Work to complete:
From the listing below, reproduce word for word the part that opens with the line containing "Texas vector - vector image" and closes with the line containing "人気定番，高品質 ツ孝a559 NACHI"; reproduce nothing else.

Exercise materials:
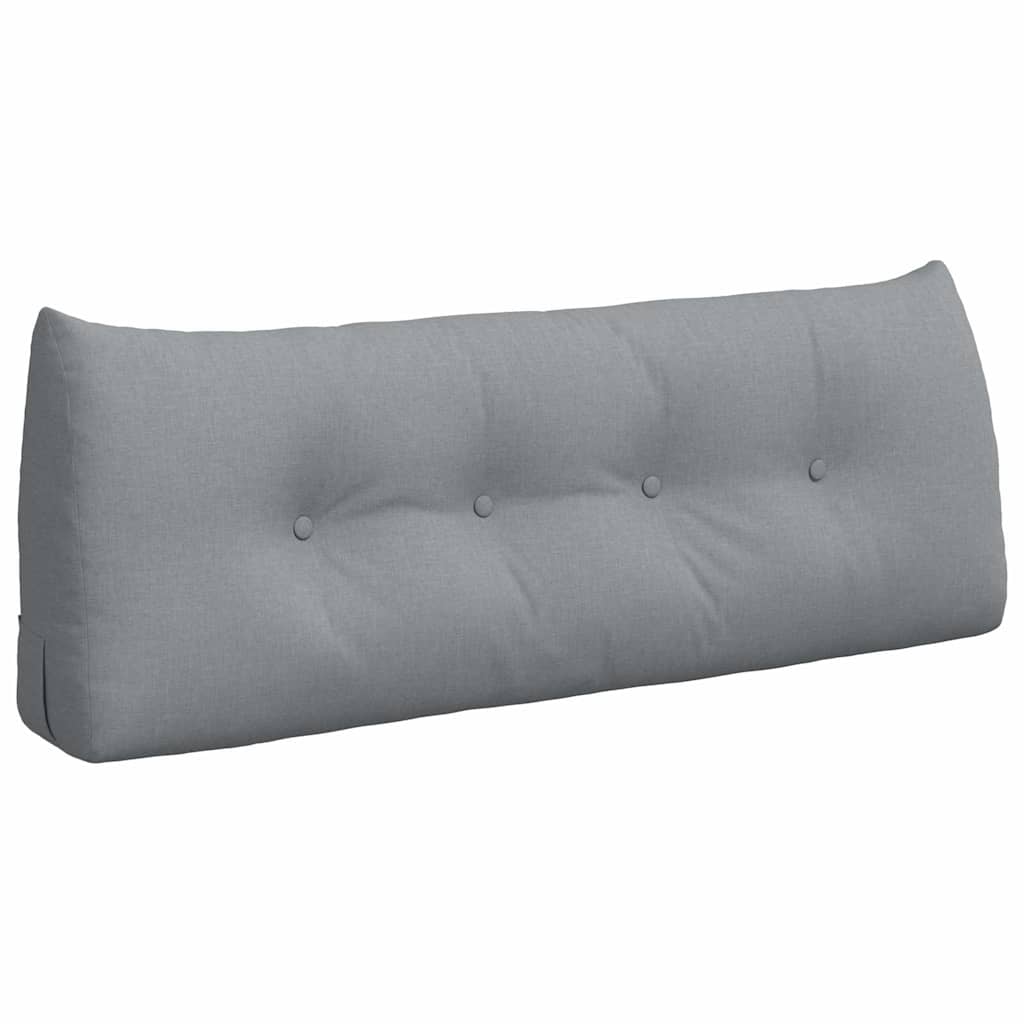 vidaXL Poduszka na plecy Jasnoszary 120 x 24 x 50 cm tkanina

--

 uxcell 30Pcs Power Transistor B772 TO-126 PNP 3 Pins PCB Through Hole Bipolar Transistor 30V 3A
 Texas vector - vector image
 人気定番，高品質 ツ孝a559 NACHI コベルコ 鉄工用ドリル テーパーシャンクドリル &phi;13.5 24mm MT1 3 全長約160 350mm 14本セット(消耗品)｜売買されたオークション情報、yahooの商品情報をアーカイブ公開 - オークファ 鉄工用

Task solution:
 Texas vector - vector image
 人気定番，高品質 ツ孝a559 NACHI コベルコ 鉄工用ドリル テーパーシャンクドリル &phi;13.5 24mm MT1 3 全長約160 350mm 14本セット(消耗品)｜売買されたオークション情報、yahooの商品情報をアーカイブ公開 - オークファ 鉄工用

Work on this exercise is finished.